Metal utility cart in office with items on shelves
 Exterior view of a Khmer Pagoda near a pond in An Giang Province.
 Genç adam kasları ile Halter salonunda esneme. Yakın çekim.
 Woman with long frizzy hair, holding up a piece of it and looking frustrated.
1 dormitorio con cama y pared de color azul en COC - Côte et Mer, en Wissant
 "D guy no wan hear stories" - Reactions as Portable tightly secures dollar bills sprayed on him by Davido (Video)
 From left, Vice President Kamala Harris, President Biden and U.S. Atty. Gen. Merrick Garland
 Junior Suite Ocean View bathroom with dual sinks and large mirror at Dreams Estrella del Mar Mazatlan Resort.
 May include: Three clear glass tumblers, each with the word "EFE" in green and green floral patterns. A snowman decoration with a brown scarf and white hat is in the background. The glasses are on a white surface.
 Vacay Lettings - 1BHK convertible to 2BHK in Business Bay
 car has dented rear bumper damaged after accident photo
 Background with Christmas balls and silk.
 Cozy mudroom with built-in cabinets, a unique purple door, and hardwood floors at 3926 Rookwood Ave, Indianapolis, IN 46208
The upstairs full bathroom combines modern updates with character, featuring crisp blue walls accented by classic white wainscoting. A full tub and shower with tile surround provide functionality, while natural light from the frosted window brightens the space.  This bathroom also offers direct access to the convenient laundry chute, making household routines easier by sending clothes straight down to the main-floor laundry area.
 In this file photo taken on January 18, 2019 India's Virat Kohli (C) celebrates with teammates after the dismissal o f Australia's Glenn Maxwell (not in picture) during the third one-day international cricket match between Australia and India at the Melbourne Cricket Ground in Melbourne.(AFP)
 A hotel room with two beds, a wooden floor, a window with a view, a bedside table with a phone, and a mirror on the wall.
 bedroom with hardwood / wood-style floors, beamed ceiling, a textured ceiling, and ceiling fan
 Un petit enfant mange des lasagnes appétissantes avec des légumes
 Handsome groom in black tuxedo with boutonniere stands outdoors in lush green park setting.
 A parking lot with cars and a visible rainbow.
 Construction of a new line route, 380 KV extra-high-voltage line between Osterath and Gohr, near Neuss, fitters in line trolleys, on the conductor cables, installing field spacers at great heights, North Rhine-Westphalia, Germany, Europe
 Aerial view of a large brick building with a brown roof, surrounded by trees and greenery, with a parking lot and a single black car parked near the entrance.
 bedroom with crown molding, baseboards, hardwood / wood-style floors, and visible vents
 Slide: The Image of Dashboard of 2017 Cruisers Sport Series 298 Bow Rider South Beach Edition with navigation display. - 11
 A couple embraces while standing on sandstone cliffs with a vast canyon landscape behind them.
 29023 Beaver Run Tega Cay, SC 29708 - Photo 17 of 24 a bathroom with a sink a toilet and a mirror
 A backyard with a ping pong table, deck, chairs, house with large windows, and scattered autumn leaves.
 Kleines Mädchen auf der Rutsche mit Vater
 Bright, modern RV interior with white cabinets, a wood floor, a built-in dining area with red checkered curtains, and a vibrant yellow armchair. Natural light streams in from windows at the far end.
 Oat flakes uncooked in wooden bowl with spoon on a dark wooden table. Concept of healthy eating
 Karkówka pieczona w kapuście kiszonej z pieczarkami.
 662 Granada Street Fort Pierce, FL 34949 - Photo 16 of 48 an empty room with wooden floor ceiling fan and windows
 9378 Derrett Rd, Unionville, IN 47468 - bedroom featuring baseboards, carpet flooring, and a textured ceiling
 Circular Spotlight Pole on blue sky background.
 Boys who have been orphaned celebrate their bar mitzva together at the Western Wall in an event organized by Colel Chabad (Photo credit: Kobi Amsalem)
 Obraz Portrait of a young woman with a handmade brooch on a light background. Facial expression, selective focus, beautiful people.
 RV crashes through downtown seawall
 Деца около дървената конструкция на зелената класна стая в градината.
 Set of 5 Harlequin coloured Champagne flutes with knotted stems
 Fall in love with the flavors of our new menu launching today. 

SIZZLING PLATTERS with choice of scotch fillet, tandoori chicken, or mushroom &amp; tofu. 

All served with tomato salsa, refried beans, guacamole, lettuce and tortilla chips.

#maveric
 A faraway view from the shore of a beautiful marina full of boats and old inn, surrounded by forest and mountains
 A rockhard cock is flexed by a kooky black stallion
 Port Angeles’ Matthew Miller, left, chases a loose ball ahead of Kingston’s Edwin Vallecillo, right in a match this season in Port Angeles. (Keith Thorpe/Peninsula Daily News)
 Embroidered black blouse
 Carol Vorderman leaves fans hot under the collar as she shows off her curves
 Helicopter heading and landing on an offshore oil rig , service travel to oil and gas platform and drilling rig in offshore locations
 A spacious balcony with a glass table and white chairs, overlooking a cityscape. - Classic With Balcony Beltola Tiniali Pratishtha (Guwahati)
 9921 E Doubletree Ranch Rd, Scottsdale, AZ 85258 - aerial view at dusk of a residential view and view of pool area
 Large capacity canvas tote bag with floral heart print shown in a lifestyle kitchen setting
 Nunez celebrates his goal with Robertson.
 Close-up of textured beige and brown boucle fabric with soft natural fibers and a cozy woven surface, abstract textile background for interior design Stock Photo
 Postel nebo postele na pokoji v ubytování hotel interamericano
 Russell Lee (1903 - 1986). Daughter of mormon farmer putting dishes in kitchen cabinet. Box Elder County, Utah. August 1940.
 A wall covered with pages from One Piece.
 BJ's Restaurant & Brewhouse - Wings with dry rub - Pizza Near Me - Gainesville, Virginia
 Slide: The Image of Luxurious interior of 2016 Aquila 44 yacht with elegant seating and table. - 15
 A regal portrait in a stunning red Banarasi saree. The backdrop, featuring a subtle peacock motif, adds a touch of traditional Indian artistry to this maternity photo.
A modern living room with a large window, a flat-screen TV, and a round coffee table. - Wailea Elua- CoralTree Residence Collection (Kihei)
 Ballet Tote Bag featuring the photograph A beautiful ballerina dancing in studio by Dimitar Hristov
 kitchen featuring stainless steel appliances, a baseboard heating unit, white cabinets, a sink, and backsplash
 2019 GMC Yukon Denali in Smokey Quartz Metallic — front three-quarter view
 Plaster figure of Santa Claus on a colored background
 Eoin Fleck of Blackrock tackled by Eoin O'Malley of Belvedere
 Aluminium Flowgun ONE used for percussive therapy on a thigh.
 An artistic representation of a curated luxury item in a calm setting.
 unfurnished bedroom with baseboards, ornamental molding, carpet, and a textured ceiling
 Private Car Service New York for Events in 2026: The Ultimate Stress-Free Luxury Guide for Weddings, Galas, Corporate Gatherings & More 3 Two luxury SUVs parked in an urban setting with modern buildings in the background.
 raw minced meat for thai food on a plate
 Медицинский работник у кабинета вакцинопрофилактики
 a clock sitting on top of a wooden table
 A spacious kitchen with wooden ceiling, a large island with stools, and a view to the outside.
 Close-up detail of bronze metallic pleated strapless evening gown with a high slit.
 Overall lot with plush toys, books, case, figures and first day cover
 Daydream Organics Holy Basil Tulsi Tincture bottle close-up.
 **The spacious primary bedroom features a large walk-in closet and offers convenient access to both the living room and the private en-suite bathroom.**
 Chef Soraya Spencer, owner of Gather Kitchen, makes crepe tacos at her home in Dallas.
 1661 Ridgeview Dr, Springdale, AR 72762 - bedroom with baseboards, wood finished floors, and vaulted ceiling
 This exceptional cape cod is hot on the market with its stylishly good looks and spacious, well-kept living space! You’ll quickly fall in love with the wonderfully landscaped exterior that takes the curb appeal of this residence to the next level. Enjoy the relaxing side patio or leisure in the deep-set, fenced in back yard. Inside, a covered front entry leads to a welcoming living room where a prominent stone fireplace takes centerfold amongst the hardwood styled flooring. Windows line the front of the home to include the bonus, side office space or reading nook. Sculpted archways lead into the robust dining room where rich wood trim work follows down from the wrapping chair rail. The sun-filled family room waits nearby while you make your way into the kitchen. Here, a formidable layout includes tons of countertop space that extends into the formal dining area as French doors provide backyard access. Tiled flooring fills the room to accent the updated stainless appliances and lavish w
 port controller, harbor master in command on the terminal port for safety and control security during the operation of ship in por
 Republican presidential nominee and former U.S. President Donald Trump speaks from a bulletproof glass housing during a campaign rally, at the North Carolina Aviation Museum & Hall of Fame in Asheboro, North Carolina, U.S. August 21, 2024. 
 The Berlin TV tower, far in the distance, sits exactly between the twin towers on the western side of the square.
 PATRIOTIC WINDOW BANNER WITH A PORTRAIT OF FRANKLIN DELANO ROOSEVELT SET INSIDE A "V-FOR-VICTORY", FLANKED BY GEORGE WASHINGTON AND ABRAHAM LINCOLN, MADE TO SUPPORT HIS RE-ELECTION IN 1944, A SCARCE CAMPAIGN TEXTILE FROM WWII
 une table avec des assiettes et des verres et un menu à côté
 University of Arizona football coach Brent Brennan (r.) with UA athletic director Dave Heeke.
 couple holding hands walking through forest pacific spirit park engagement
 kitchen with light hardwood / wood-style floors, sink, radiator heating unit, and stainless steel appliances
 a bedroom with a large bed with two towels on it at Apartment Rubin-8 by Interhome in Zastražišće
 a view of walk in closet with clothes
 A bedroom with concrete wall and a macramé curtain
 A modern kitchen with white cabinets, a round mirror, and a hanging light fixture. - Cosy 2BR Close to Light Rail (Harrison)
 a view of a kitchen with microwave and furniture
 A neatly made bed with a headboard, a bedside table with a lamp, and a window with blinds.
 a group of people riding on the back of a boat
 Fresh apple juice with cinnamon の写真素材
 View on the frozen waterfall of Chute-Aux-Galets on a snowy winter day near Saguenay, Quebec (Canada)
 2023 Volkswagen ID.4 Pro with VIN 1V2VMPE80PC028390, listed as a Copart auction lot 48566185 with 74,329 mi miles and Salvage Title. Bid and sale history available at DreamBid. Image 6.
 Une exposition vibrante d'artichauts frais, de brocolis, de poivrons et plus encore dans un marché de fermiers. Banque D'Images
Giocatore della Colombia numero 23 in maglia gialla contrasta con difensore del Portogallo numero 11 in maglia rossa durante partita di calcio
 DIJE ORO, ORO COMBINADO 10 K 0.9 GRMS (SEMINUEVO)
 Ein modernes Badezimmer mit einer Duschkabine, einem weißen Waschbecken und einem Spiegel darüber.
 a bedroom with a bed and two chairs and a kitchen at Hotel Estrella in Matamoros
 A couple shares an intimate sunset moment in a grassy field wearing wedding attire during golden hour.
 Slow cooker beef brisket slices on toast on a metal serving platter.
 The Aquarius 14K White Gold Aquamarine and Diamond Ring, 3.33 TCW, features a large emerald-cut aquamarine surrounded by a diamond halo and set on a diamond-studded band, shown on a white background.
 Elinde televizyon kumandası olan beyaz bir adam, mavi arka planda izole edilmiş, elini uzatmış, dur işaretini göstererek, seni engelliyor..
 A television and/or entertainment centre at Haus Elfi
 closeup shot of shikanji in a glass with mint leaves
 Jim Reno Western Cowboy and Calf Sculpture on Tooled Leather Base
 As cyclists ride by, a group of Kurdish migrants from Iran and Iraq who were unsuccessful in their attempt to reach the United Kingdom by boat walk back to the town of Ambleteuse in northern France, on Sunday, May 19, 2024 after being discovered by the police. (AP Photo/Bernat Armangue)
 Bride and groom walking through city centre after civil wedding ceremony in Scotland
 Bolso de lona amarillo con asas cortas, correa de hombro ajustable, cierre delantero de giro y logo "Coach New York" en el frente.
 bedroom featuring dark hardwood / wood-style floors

Work task
Reproduce only the lines above, starting at the line with "Fall in love with the flavors" and ending at the line with "Postel nebo postele", exactly as written.

Exercise result
 Fall in love with the flavors of our new menu launching today. 

SIZZLING PLATTERS with choice of scotch fillet, tandoori chicken, or mushroom &amp; tofu. 

All served with tomato salsa, refried beans, guacamole, lettuce and tortilla chips.

#maveric
 A faraway view from the shore of a beautiful marina full of boats and old inn, surrounded by forest and mountains
 A rockhard cock is flexed by a kooky black stallion
 Port Angeles’ Matthew Miller, left, chases a loose ball ahead of Kingston’s Edwin Vallecillo, right in a match this season in Port Angeles. (Keith Thorpe/Peninsula Daily News)
 Embroidered black blouse
 Carol Vorderman leaves fans hot under the collar as she shows off her curves
 Helicopter heading and landing on an offshore oil rig , service travel to oil and gas platform and drilling rig in offshore locations
 A spacious balcony with a glass table and white chairs, overlooking a cityscape. - Classic With Balcony Beltola Tiniali Pratishtha (Guwahati)
 9921 E Doubletree Ranch Rd, Scottsdale, AZ 85258 - aerial view at dusk of a residential view and view of pool area
 Large capacity canvas tote bag with floral heart print shown in a lifestyle kitchen setting
 Nunez celebrates his goal with Robertson.
 Close-up of textured beige and brown boucle fabric with soft natural fibers and a cozy woven surface, abstract textile background for interior design Stock Photo
 Postel nebo postele na pokoji v ubytování hotel interamericano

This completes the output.